In my boating books from the 1900's, oars were a important part to work well with the boat design. Oars were constructed to work with the design. In addition, rowing technique as mentioned by Kurt and Robb are an integral part of making everything work well.

However, it seems the oars that are being used (with the exception of Brad Dimock), are production oars. The oar maker produces a standard set of oar sizes with the intention that one pair fits the drift boat owners needs. From the looks of my Barkley Sound oars, it seems the shots were turned on a lathe to give a uniform diameter and the blades required a different technique to construct. In the books, the oar design shows features such as square section above oar lock and diamond section between oar lock and blade to achieve lightness and stiffness in a given direction.

Has anyone altered the shape or design of production oars to meet their needs? If so, what did you do?

When considering my fly rods, I could use a 7-wt to catch many of the fish, but the pleasure of delicate casting is lost when catchin fishing in the 12-inch range. It seems the oars have been adapted to special needs in the past and could be presently.

Rick, the trip back was fun. We zig zagged east and west so that we crossed our paths numerous times. We drove much of the length of the Klamath River from the mouth to Yreka. It wasn't a fast trip but showed an abundance of watershed.



Great to meet you and your wife at the festival and put faces to names. Check out one of Brad's latest posts:



Hi David,
It was fun to meet a number of folks from the forum and enjoy the conversations.
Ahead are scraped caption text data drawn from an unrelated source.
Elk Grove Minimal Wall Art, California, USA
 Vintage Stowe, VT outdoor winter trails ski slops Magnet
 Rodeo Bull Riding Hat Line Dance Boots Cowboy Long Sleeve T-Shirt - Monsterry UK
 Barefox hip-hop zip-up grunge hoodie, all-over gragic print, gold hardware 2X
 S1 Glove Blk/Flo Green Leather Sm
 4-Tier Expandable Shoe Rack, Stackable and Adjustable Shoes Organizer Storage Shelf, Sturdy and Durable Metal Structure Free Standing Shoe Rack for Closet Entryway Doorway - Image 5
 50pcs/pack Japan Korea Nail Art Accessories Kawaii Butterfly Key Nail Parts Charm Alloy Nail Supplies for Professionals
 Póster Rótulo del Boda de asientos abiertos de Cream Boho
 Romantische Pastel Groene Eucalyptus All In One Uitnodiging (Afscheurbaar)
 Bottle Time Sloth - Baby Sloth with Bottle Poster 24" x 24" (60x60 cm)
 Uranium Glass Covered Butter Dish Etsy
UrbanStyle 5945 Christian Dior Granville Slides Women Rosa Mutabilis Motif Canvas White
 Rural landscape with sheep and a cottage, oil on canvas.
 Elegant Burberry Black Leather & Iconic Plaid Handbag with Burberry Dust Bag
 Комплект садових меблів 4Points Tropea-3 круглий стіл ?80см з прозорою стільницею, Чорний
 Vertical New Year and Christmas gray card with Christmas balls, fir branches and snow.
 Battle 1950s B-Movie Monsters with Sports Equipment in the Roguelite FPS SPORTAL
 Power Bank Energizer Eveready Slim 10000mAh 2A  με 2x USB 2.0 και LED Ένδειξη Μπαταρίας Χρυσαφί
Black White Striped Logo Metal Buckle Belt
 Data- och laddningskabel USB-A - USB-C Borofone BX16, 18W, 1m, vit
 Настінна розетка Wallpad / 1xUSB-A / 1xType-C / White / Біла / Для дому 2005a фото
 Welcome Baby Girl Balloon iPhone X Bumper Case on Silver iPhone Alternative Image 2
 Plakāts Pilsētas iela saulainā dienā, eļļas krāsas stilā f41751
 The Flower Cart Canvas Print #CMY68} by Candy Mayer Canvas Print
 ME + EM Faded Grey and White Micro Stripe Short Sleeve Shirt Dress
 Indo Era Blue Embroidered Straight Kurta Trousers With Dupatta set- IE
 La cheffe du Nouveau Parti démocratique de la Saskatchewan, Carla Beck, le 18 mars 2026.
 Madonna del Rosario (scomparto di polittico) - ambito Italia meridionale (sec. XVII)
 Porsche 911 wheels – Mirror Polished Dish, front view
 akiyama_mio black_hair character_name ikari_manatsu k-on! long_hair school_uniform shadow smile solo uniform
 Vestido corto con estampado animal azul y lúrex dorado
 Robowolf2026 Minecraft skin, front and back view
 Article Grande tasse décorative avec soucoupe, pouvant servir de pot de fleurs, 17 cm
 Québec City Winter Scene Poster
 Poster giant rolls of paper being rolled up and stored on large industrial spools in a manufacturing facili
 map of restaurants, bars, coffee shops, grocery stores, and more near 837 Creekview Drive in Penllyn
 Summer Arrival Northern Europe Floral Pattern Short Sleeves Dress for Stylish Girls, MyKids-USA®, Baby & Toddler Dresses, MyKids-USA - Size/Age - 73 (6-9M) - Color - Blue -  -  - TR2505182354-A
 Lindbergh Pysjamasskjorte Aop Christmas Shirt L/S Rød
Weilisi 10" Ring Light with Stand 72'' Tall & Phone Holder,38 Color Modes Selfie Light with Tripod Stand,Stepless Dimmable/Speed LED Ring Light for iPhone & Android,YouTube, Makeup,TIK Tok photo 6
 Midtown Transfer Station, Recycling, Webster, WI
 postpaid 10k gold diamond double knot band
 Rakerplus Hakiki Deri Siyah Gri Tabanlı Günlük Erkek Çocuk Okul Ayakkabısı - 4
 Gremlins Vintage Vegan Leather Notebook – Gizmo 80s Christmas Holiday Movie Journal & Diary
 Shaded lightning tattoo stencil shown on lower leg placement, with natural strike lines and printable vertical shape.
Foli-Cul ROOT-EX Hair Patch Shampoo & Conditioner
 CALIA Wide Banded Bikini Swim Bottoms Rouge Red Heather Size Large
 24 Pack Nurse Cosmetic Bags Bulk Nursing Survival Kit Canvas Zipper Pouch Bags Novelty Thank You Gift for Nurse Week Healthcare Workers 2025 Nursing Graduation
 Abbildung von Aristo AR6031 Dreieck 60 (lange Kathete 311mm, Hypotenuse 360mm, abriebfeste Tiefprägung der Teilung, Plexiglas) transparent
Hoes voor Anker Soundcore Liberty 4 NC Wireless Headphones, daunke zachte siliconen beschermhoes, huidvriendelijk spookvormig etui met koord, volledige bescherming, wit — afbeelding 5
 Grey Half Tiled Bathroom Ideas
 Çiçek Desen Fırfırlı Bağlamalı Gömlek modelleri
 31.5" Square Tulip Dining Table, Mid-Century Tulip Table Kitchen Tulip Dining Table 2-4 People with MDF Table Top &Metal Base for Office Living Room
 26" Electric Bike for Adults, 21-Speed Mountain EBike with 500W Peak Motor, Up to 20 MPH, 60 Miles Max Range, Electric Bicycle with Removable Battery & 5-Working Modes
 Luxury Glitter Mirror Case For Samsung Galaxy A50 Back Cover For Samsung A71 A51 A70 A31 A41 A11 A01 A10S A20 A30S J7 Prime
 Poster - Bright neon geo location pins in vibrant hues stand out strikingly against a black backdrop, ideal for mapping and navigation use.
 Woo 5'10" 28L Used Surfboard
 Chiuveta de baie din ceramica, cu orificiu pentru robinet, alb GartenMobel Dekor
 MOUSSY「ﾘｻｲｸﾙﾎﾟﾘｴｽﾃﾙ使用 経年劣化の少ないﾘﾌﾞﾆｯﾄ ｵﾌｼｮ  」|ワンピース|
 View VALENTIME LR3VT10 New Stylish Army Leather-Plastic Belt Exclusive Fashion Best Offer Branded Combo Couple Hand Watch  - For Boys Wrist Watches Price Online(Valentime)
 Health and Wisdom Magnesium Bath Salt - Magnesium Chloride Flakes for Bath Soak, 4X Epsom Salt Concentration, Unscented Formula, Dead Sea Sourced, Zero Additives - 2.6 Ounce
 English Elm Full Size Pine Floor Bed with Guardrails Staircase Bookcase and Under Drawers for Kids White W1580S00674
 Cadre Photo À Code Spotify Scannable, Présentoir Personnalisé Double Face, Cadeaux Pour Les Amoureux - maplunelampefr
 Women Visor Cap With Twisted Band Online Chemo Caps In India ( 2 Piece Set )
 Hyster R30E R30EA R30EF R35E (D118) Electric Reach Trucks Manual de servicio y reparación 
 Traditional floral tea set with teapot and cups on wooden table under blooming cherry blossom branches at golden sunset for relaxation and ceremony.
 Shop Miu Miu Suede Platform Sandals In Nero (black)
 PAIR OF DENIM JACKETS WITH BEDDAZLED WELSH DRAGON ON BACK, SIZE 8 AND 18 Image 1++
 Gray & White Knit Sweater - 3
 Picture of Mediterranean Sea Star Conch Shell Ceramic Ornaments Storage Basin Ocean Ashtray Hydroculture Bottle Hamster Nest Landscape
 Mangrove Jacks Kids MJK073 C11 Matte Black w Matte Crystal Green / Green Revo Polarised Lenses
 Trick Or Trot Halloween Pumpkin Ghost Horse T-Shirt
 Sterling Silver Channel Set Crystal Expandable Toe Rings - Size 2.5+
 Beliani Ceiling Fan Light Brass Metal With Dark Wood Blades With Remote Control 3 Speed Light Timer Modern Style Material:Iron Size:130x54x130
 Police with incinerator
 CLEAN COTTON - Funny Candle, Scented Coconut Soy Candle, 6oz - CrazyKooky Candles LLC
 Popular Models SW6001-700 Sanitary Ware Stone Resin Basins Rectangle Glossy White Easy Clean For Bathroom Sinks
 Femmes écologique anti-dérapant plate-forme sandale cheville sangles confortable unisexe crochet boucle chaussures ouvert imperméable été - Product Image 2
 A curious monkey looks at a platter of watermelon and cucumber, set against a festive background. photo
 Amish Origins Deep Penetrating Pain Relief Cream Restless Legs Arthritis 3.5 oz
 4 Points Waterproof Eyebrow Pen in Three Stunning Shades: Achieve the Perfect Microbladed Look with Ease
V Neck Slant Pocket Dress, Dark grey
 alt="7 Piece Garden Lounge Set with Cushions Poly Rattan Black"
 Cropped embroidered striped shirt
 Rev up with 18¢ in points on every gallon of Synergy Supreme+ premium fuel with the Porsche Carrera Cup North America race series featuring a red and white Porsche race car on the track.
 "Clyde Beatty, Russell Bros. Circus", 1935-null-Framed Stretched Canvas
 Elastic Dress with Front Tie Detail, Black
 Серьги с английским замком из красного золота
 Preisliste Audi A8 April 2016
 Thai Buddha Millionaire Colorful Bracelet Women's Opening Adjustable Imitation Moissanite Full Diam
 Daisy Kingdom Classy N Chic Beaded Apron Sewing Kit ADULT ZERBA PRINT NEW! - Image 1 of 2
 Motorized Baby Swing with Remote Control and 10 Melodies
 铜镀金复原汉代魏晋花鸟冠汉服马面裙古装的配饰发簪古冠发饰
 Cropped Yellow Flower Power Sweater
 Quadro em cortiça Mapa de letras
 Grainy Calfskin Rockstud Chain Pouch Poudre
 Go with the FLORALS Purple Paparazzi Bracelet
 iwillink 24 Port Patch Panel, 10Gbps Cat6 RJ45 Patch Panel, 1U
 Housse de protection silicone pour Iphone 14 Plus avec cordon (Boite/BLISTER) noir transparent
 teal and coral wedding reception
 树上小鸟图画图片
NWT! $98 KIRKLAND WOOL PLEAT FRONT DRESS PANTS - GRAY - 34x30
Of course, there was not time to meet them all, so that is a good reason to return next year.

There was a very strong temptation to attend Brad's workshop, but the time and travel budget was already tight for that month. It was nice to see some of the steps Brad and his friends used to make the oars easier to use.

The friend who built the 2.9 pound guide boats oars would have some suggestions to shape my stock Barkley Sound oars. I will be in his neighborhood next week. Maybe he is available to give some suggestions.

Digital chat until we get together in person, David.